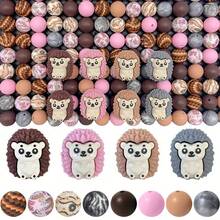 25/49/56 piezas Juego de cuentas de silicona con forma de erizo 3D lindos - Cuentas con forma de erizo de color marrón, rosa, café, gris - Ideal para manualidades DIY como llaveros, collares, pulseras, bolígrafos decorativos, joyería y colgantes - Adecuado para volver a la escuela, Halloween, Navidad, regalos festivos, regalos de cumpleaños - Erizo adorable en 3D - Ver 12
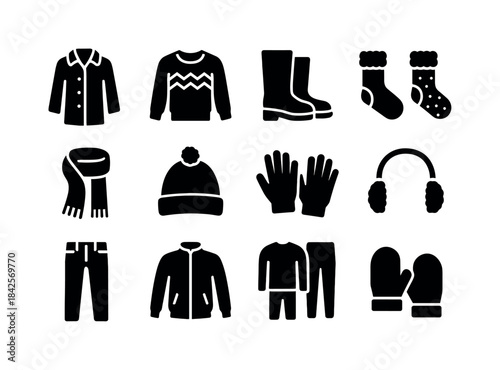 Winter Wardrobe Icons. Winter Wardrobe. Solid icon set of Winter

* * *

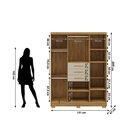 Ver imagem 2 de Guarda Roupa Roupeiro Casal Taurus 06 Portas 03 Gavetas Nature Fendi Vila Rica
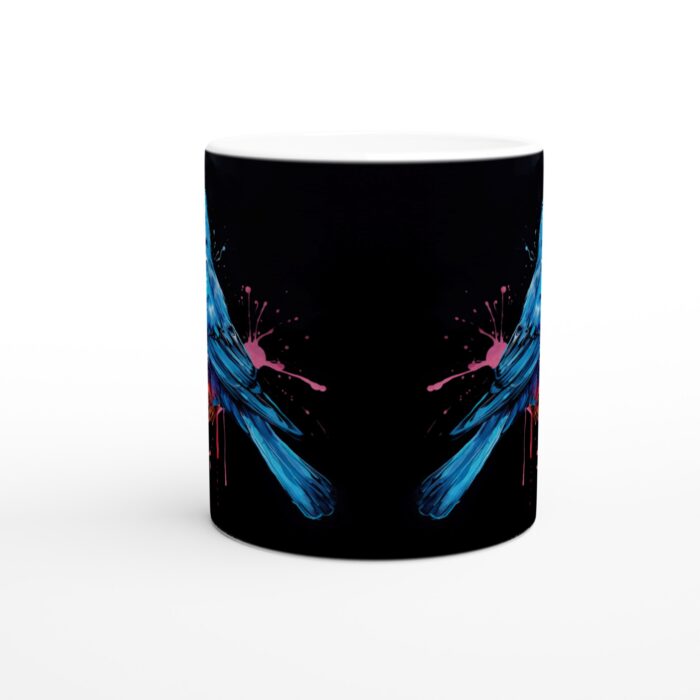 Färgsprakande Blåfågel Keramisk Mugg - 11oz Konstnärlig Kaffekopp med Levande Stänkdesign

* Action item
Among the entries above, take the line with "Ver imagem 2", the line with "Färgsprakande Blåfågel Keramisk", and all the lines between them, and restate them word for word without pictures.

* Output of the task
 Ver imagem 2 de Guarda Roupa Roupeiro Casal Taurus 06 Portas 03 Gavetas Nature Fendi Vila Rica
 Färgsprakande Blåfågel Keramisk Mugg - 11oz Konstnärlig Kaffekopp med Levande Stänkdesign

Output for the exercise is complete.